Apparently, Shellos and Gastrodon were intended to be in Pokemon Ruby And Sapphire versions, but they weren't integrated into the final design, according to a Nintendo Power interview with Ken Sugimori.
Sprites for these pokemon can even be found Dummied Out in the data, suggesting a last minute scrap.
Stunfisk was originally going to be a Water/Electric angler fish, but was changed to increase type diversity within the Unova region (and possibly globally, seeing as we already have Lanturn).
Dragonair used to have spikes and a different head design. Noticeably, the beta version looks more like Dragonite then the Dragonair we know today, so it's evolution would have been a smoother transition had they kept the old design.
The game changed dramatically during its transition from Capsule Monsters (the original pitch) to Pocket Monsters. In the original draft, there was only going to be one version, you caught monsters by negotiating with them via a Charisma stat ala Shin Megami Tensei, most of the early mon designs were based more heavily on dinosaurs and kaiju rather than animals in general, you recovered health at inns, Pokemon could be bought from Pokemarts with enough badges, and probably the biggest change was that Pokemon Trainers were originally supposed to participate in battles with whips alongside their Pokemon!

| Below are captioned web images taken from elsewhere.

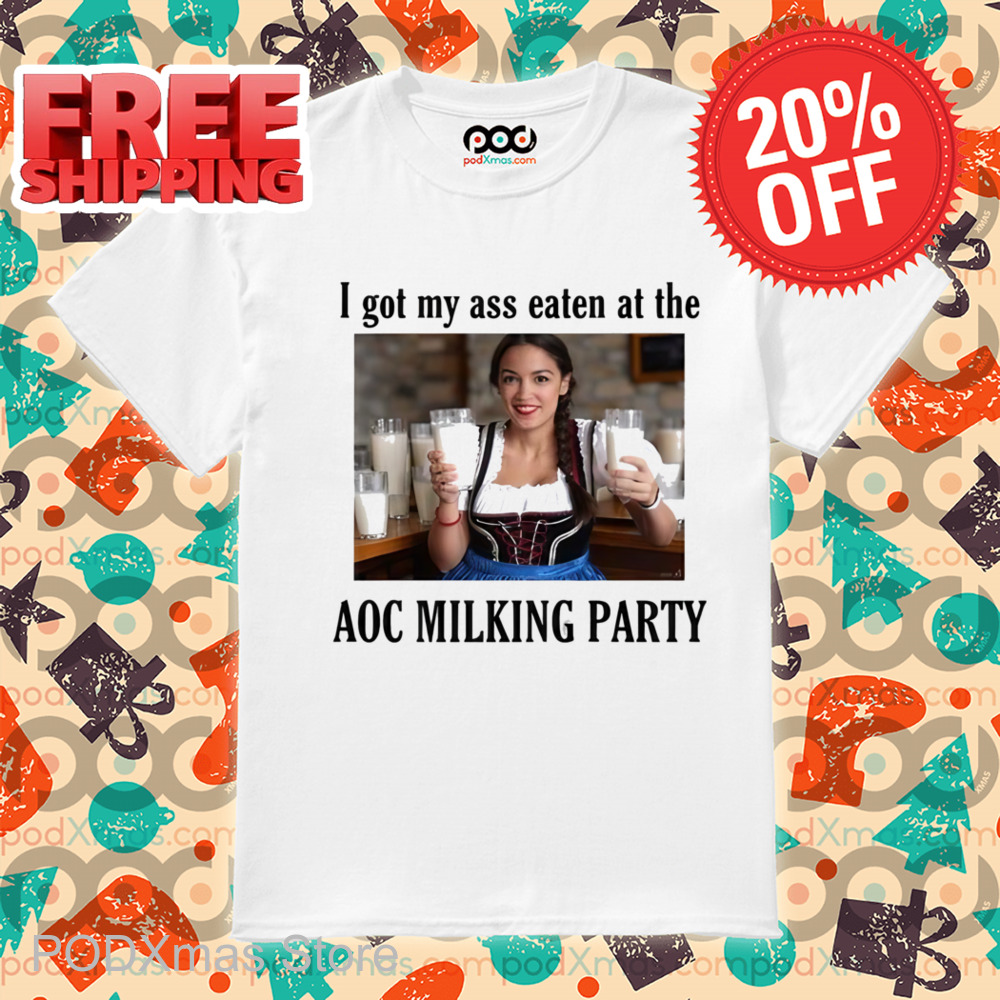 I Got My Ass Eaten At The AOC Milking Party Shirt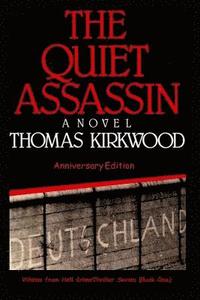 bokomslag The Quiet Assassin: Anniversary Edition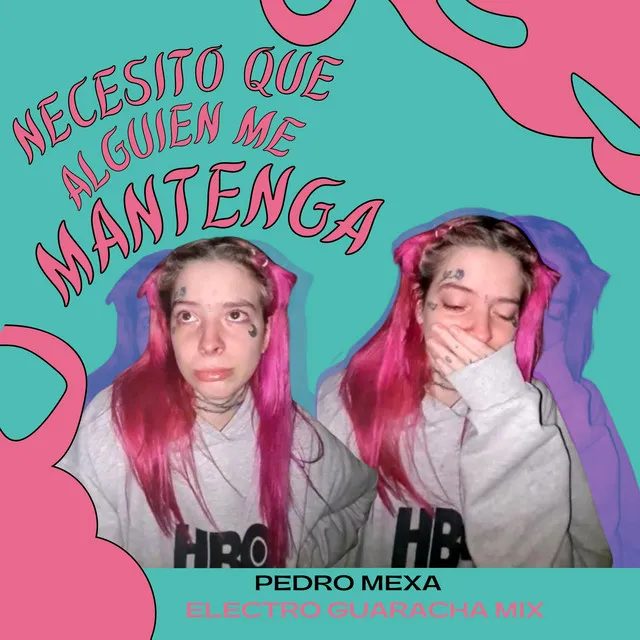 Necesito Que Alguien Me Mantenga - Electro Guaracha Mix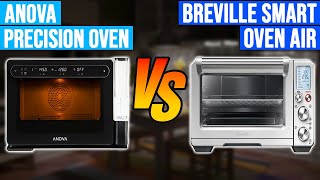 Anova Precision Oven vs Breville Smart Oven Air – A Comprehensive Comparison Which Reigns Supreme [upl. by Bonucci]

The whips are still present in the Gen I sprites for Ace Trainers, but removed in the remakes.
Both a Surfboard and Roller skates were useable items at one point. The surfboat ended up being Dummied Out in Gen I and the Roller Skates ended up finally making an appearance in Gen VI, as a way to move around without adhering to the grid based structure of the overworld.